### Supplied information
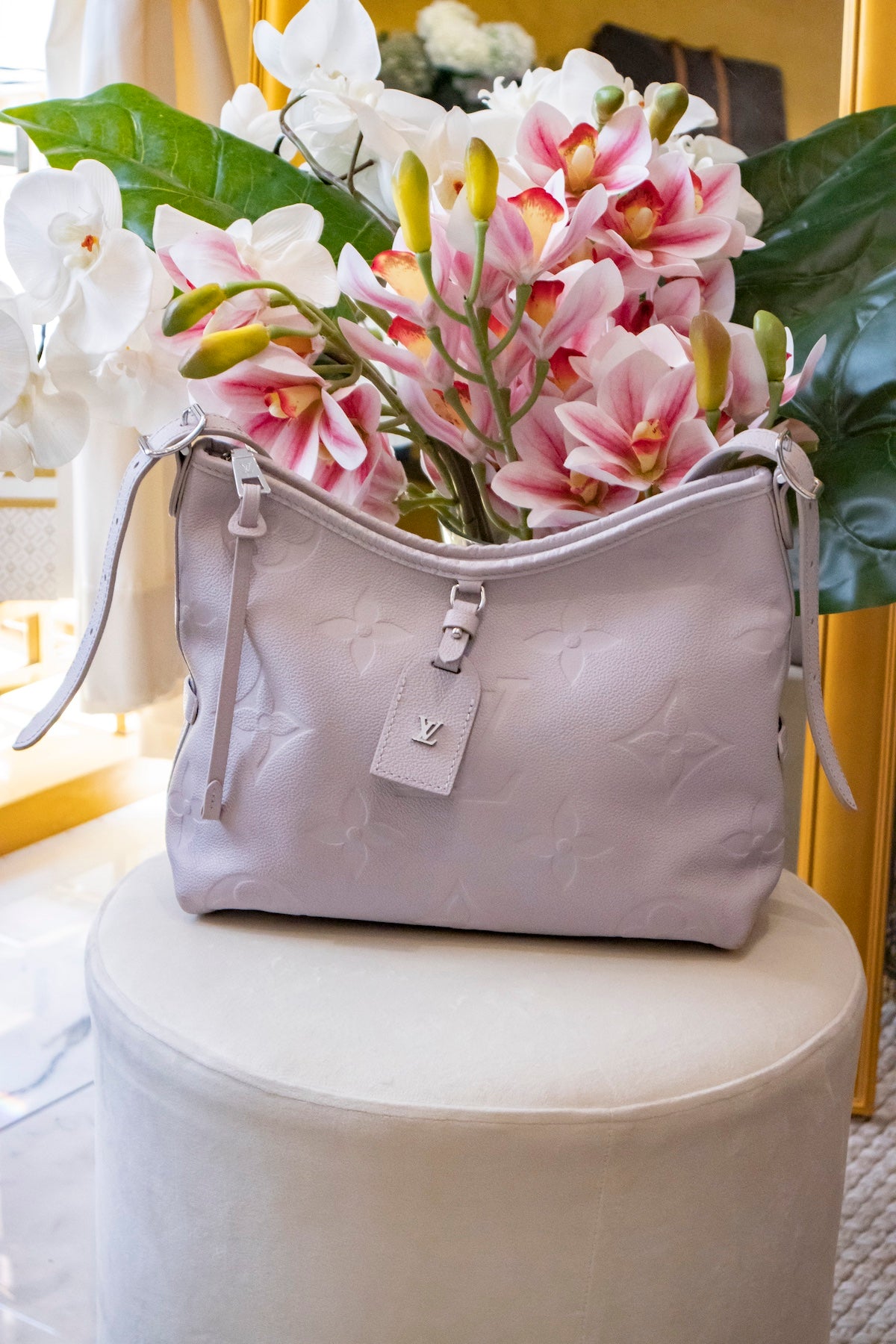Louis Vuitton - Carry All MM Tourterelle Silberne Hardware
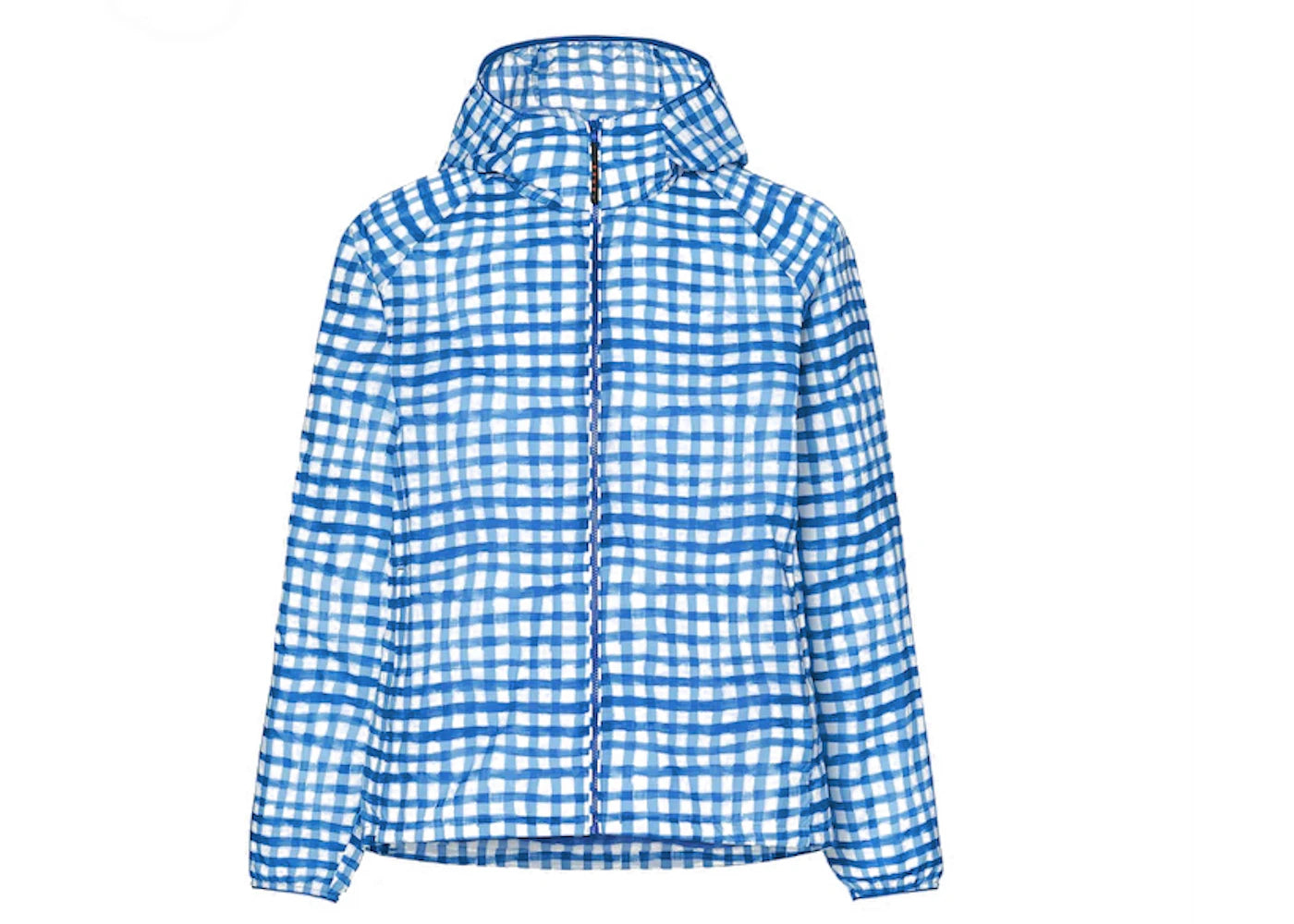 Uniqlo x MARNI Pocketable Check Parka Blue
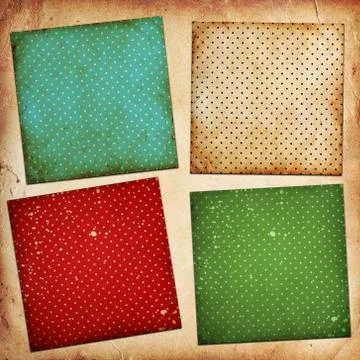 Vintage patterns on paper background Stock Photos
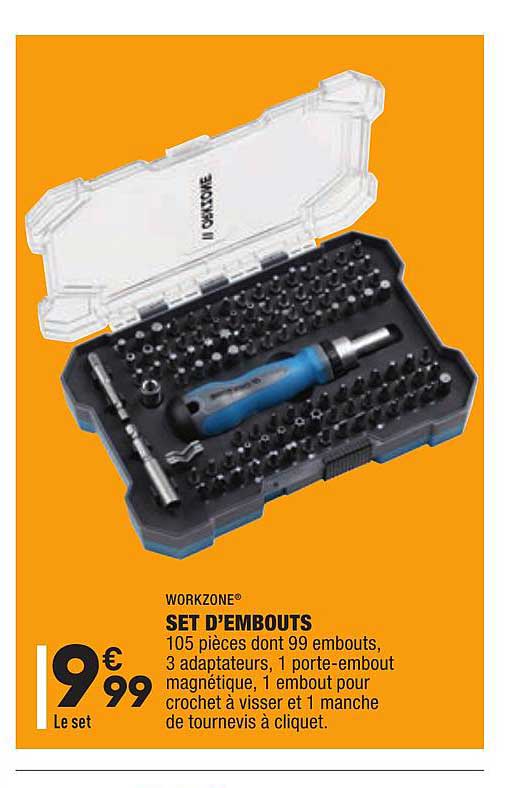 set d'embouts workzone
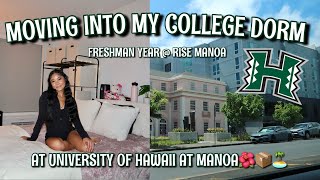 COLLEGE MOVE IN DAY  UNIVERSITY OF HAWAII AT MANOA  FRESHMAN YEAR EP 1 [upl. by Patrizio]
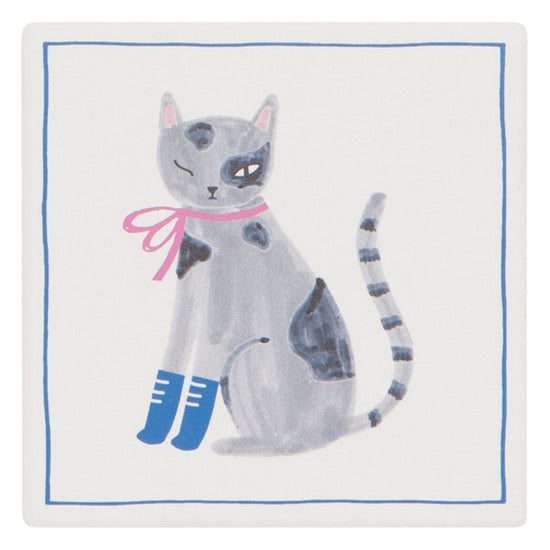 Now Designs Feline Fine Coaster Set Of 4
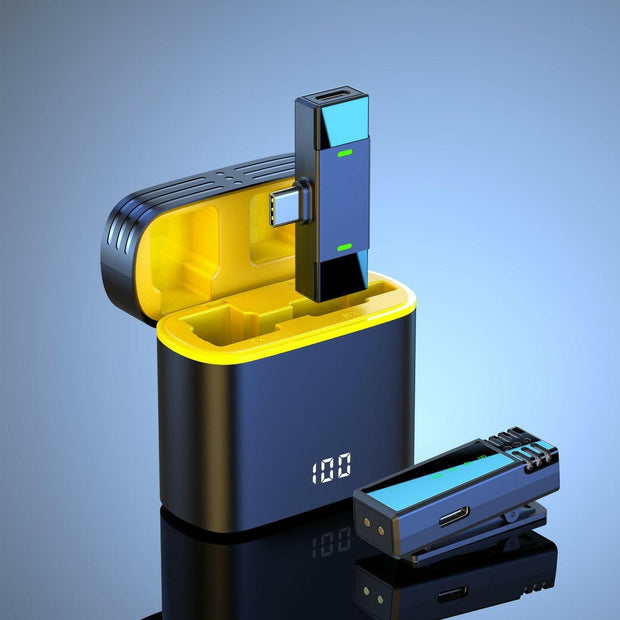 . J68 Wireless Collar Microphone – Live Video Clear Reception - GoTypical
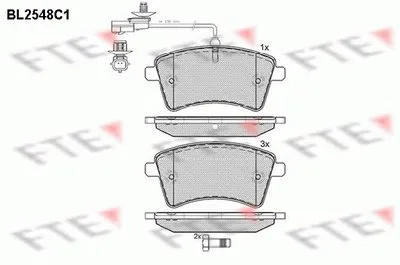 Комплект тормозных колодок, дисковый тормоз FTE купить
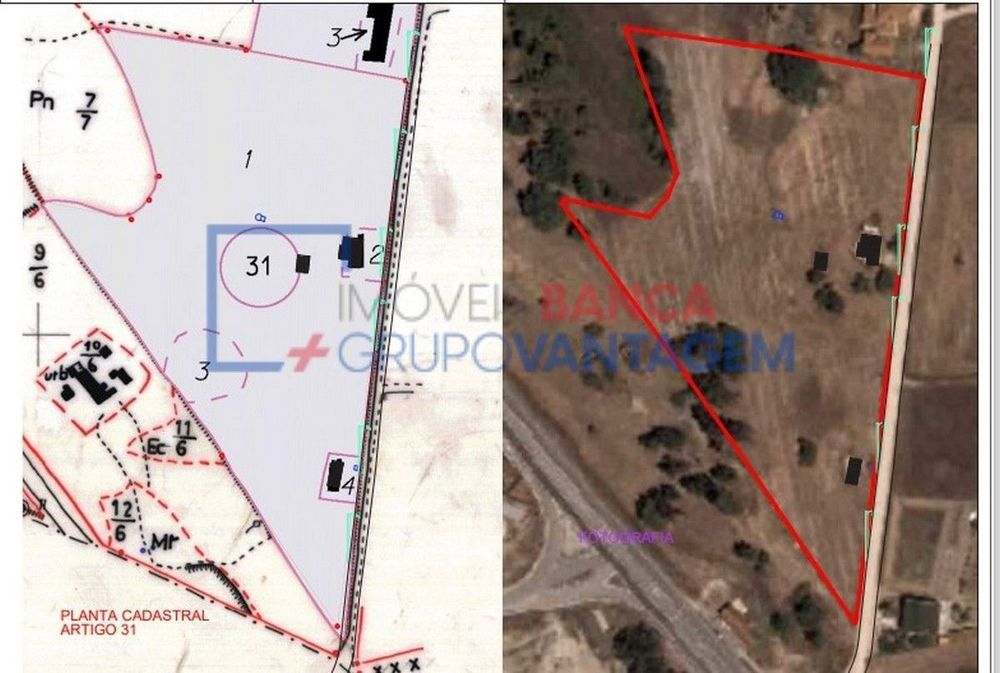Terreno Rústico com 16.040m2 para construção na Moita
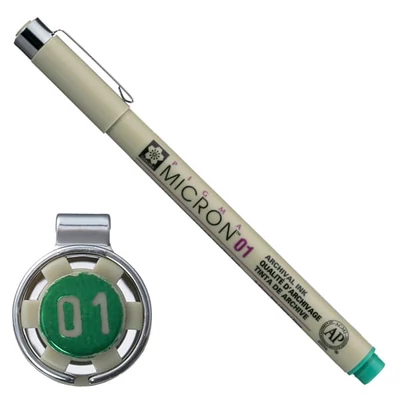 Sakura Pigma Micron 01 stilou pentru desen tehnic, 0,25 mm - verde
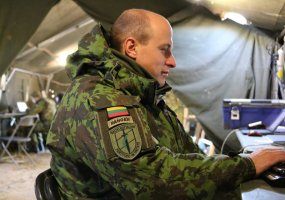 Lietuvos kariai su sąjungininkais pradeda treniruotis pratybose „Trident Juncture“ - 1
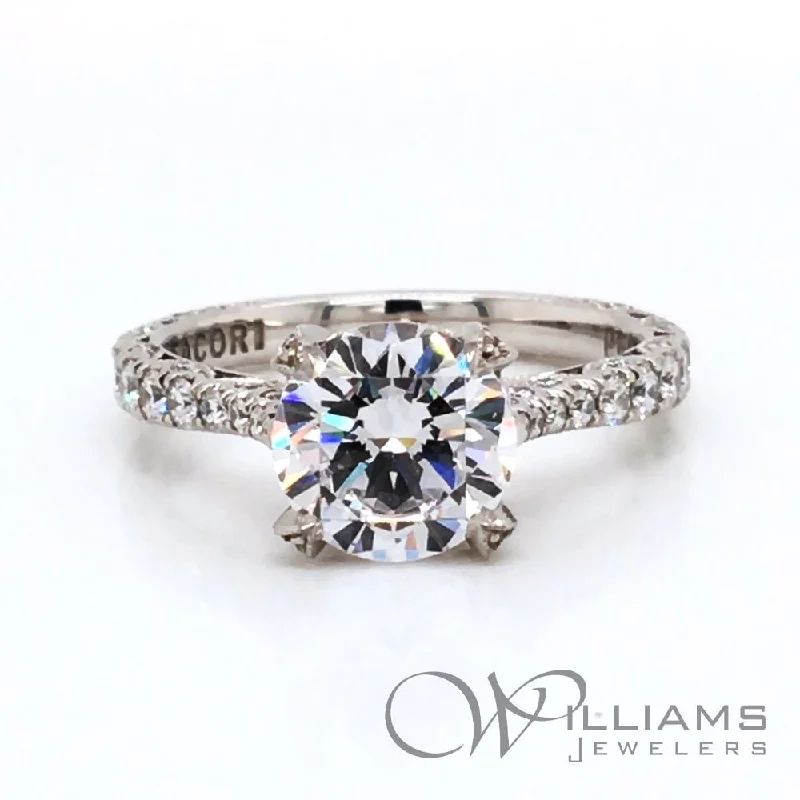 Tacori RoyalT Plat Diamond Engagement Ring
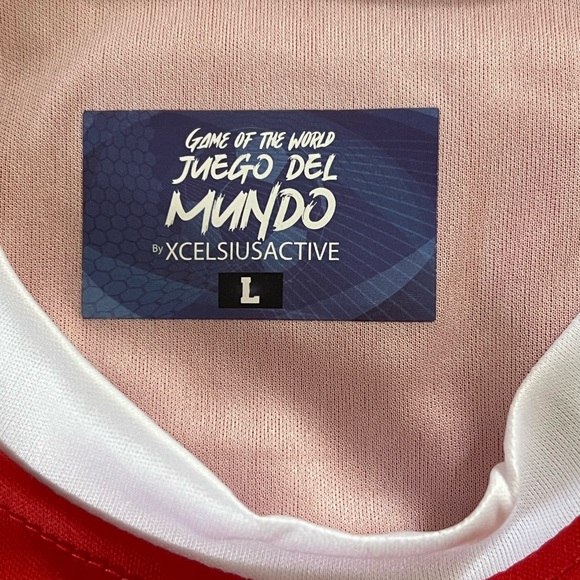 NWT USA Soccer Xcelsius Active Game Of The World Shirt Men’s LARGE - Picture 3 of 6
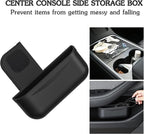 for Tesla Model Y 3 Sunglasses Holder Center Console Organizer Tray Storage Box Key Card Coin Holder Silicone Hook for Flocking Tesla Accessories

### Task to complete
Output each record exactly as it appears, but not the pictures.

### Task answer
Louis Vuitton - Carry All MM Tourterelle Silberne Hardware
 Uniqlo x MARNI Pocketable Check Parka Blue
 Vintage patterns on paper background Stock Photos
 set d'embouts workzone
 COLLEGE MOVE IN DAY  UNIVERSITY OF HAWAII AT MANOA  FRESHMAN YEAR EP 1 [upl. by Patrizio]
 Now Designs Feline Fine Coaster Set Of 4
 . J68 Wireless Collar Microphone – Live Video Clear Reception - GoTypical
 Комплект тормозных колодок, дисковый тормоз FTE купить
Terreno Rústico com 16.040m2 para construção na Moita
 Sakura Pigma Micron 01 stilou pentru desen tehnic, 0,25 mm - verde
 Lietuvos kariai su sąjungininkais pradeda treniruotis pratybose „Trident Juncture“ - 1
 Tacori RoyalT Plat Diamond Engagement Ring
 NWT USA Soccer Xcelsius Active Game Of The World Shirt Men’s LARGE - Picture 3 of 6
 for Tesla Model Y 3 Sunglasses Holder Center Console Organizer Tray Storage Box Key Card Coin Holder Silicone Hook for Flocking Tesla Accessories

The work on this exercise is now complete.